Alternating Current and Direct Current
Definition of Alternating Current and Direct Current
Electricity is defined by movement of charges, electrons, inside a conductor. Hence, the term current is used to describe the flow of electricity. There are two ways electrical power flows through a conductor and that is what we call direct current and alternating current.
Direct current is a type of flow of electricity wherein the direction of flow is always in one direction only. Direct current is ideally constant – meaning, neither current nor voltage changes. However, due to the imperfections of rectification processes(the process of converting alternating current to direct current), sometimes a pulsating Direct current signal is obtained. For more details on rectification processes, read this article about rectifiers.
Direct current is usually obtained from batteries, chargers, solar cells, and DC Generators. DC is usually used for powering electronic devices like laptops and cellular phones.
Alternating current is usually described, but not limited to, Sinusoidal waveforms. Alternating current is a type of current wherein the direction of the flow of current is periodically reversed. An alternating current has a positive cycle and a negative cycle where in each cycle, the direction and magnitude of the current is described by its position on the y axis of an x-y coordinate. Alternating current can also be triangular wave-forms, square waves and saw-tooth waves. In small signals, alternating current can be shifted along the y-axis meaning, its maximum peak and minimum peak values can be adjusted. And the two does not necessarily need to be equal for a source to become an alternating current. For more information on how Alternating current is “shifted along the y-axis” read this article about diode clamper circuits.

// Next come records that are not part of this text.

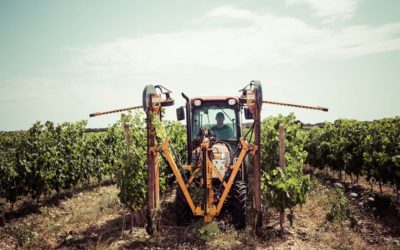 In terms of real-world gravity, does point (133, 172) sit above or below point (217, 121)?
below

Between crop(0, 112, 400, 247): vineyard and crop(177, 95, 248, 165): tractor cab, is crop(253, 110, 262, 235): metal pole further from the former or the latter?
crop(177, 95, 248, 165): tractor cab

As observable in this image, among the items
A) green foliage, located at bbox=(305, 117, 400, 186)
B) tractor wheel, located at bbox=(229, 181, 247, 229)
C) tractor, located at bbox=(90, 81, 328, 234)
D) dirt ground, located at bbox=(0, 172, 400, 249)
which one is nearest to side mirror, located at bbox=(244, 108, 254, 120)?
tractor, located at bbox=(90, 81, 328, 234)

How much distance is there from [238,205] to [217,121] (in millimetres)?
1938

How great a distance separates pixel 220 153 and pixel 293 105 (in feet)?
5.73

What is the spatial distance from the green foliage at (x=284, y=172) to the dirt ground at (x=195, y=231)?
2.09ft

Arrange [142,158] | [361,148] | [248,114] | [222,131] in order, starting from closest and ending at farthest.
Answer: [248,114] < [142,158] < [222,131] < [361,148]

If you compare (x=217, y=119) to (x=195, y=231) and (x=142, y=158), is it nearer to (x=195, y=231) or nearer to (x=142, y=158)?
(x=142, y=158)

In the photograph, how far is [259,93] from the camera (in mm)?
6059

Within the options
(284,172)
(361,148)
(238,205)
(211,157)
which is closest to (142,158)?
(211,157)

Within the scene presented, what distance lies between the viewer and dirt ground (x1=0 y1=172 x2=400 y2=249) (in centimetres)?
589

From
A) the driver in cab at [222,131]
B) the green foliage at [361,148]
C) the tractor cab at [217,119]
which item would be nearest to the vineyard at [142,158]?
the green foliage at [361,148]

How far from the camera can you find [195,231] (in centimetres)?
596

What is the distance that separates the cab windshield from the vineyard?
0.80 metres

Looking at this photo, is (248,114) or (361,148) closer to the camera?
(248,114) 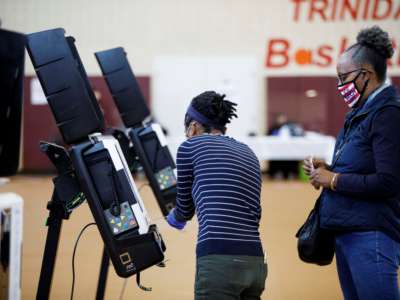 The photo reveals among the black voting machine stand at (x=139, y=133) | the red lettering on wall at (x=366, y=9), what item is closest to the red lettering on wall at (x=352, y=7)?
the red lettering on wall at (x=366, y=9)

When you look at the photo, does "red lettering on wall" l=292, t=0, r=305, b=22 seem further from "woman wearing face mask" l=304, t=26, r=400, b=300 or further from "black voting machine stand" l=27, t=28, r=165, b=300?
"black voting machine stand" l=27, t=28, r=165, b=300

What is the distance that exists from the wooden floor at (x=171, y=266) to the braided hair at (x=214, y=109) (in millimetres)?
1022

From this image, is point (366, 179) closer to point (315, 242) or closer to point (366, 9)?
point (315, 242)

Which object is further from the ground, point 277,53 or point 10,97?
point 10,97

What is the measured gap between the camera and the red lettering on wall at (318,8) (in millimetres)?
10016

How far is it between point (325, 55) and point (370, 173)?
8.81m

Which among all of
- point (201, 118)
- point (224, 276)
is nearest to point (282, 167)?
point (201, 118)

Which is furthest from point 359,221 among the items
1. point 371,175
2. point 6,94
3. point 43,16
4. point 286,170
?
point 43,16

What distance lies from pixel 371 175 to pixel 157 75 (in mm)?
8905

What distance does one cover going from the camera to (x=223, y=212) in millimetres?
1691

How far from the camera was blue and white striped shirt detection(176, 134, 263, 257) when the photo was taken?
5.52ft

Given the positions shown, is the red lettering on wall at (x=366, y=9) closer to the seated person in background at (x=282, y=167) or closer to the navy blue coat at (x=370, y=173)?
the seated person in background at (x=282, y=167)

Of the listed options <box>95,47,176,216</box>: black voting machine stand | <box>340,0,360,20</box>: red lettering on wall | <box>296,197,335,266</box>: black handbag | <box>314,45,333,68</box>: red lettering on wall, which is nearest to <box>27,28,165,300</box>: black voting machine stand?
<box>296,197,335,266</box>: black handbag

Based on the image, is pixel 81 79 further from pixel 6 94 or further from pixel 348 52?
pixel 348 52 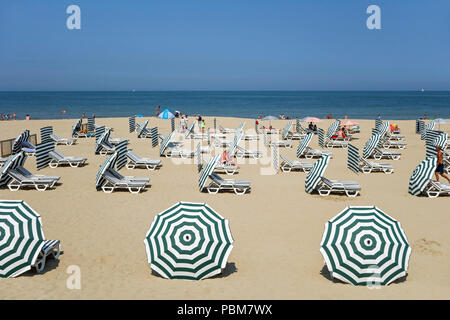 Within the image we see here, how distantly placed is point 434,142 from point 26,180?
15.6 metres

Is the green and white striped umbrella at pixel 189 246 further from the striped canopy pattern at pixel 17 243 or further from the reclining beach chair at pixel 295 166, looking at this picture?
the reclining beach chair at pixel 295 166

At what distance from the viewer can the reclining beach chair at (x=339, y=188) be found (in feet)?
38.7

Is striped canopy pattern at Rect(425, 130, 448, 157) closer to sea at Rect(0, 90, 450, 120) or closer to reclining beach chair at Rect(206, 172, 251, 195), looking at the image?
reclining beach chair at Rect(206, 172, 251, 195)

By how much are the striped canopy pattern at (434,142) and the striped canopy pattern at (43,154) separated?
45.7 ft

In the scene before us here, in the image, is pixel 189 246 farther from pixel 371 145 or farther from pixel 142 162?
pixel 371 145

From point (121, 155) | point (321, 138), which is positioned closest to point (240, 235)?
point (121, 155)

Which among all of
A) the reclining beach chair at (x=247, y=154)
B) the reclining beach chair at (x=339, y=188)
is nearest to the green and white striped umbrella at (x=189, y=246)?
the reclining beach chair at (x=339, y=188)

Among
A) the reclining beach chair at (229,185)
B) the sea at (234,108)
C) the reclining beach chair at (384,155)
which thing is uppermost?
the sea at (234,108)

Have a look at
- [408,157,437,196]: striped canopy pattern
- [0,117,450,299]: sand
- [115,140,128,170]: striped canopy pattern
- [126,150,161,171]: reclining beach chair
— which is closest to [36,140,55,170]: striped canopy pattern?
[0,117,450,299]: sand

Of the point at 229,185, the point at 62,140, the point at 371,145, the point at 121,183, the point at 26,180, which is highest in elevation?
the point at 62,140

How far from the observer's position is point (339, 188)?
11961 mm

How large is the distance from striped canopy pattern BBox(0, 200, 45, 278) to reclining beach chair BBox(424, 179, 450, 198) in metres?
9.75

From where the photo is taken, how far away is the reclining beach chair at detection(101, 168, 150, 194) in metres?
11.8

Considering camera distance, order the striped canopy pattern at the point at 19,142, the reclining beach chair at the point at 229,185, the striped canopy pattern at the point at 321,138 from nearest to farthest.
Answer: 1. the reclining beach chair at the point at 229,185
2. the striped canopy pattern at the point at 19,142
3. the striped canopy pattern at the point at 321,138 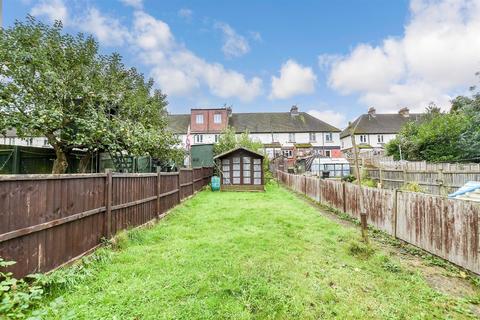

Alternating current is usually obtained from Generation Power Plants and is usually produced in a polyphase system. It can also come from AC generators. AC usually used for transmitting power and is what comes out of our power outlets.
Advantages and Disadvantages of Alternating Current (AC) and Direct Current (DC)
In the late 1800’s, Thomas Edison introduced Direct current as a way of commercially distributing electricity, however because of the disadvantages of the Direct current Alternating current was then used. Direct current introduces a lot of losses when used to distribute electricity. It is easier to raise the voltage or current of an alternating current. Since losses are minimal at higher voltages and lower currents, Alternating current is a favored way to distribute electrical power.
Direct current also has some advantages in distribution. Direct current is more efficient when transmitting electricity at very long distances since a direct current will not introduce losses due to reactance which is present in AC systems. Direct current used in transmission, like AC, is converted to high voltage-low current to minimize losses. There are a few distribution systems that use DC to distribute electricity.
Direct current is favored in small electronics because power sources like batteries or solar cells produce electricity as Direct current. However, small electronics do not purely use DC in its system. AC is likely to be present since an alternating current has the ability to transmit information by varying its amplitude of frequency.
Alternating Current and Direct current has its pros and cons and the reason why we don’t just use one type for all our electricity consuming appliances and gadgets is because of efficiency. Appliances are in AC since outlets are in AC. And our gadgets are in DC since batteries are in DC. We may be able to live with only one form of electricity but that would be very expensive.